CFO - CHRO - CIO - CMO: Do You See Yourself as True Business Partners?
The transformation of support functions (HR, IT, Finance, etc.) into true business partners has been a recurring topic for quite some time. However, despite discussions and good intentions, we still observe in practice that even today, it is not so simple.
Not simple, because it requires a combination of several factors for things to fall into place:
An organizational model and roles adapted to this vision
Skills and a “business partner” mindset
Processes and governance that facilitate collaboration
... but above all, mutual trust and credibility.
This is probably the most challenging aspect to establish.
Finding the Balance Between Two Essential Roles
Support functions play a key role within organizations, which can be summarized into two complementary dimensions:
A service role: Supporting business lines in achieving their goals efficiently.
A guardian role: Ensuring compliance with regulations, protecting the company, and maintaining a coherent vision for the entire organization.
This applies to ALL support functions. A few examples:
HR:
Service: Recruiting, training, etc., to benefit business lines.
Guardian: Acting as the guardian of labor laws, compensation structures, etc.
IT:
Service: Delivering projects and responding to business requests.
Guardian: Maintaining a coherent IT architecture and ensuring cybersecurity.
Finance:
Service: Finding financing solutions for business projects.

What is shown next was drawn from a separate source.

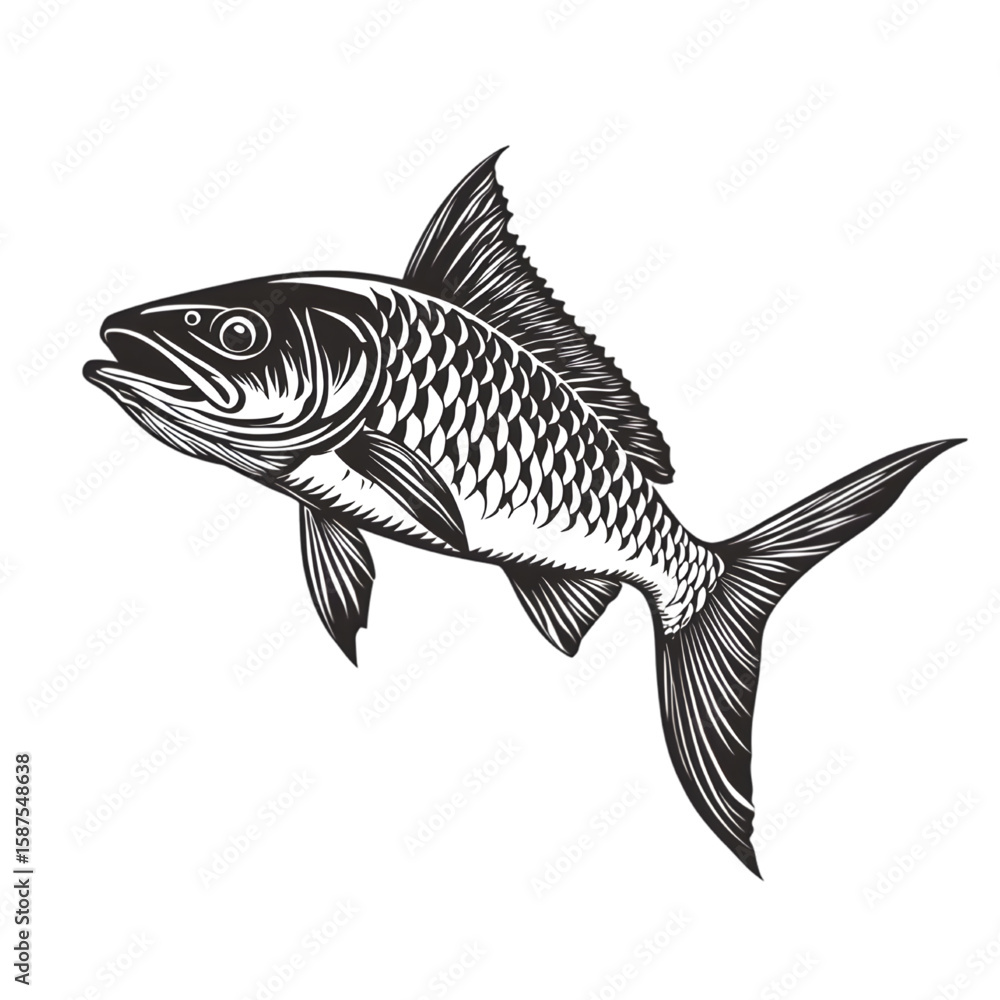 Fototapeta premium Tarpon black silhouette isolated on a transparent background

Guardian: Ensuring the company’s financial health and regulatory compliance.
Communications:
Service: Enabling decentralized communication.

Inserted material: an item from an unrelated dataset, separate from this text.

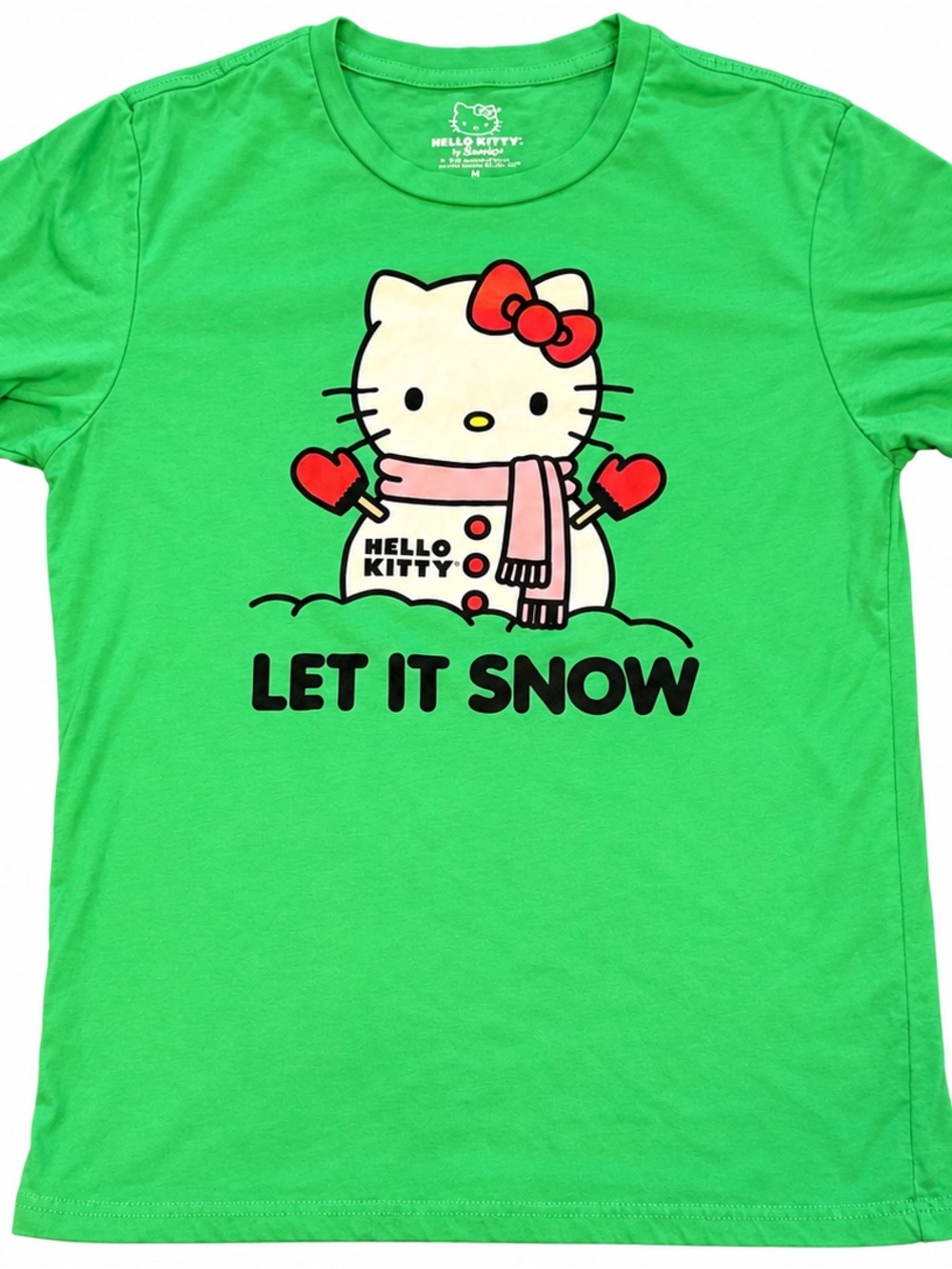 Hello Kitty Sanrio Let It Snow Holiday Graphic Tee Green M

Guardian: Maintaining and protecting the organization’s brand consistency.
One might be tempted to reduce the business partner role to a mere service role. That would be a mistake.
A truly business-oriented support function is one that finds the right balance between these two roles. This requires making trade-offs: speed vs. rigor, autonomy vs. control, customization vs. standardization, etc.
If we focus too much on the guardian role, imposing rules without creating value for business lines, we lose credibility.
If we focus too much on the service role and neglect the guardian responsibility, trust erodes quickly.

As leaders of support functions, you must fully embrace both aspects of your mission to build lasting trust and credibility within your organization.
This is the foundation of your business partner status. These two roles should be clearly reflected in your organizational model and translated into the expectations you set for your teams.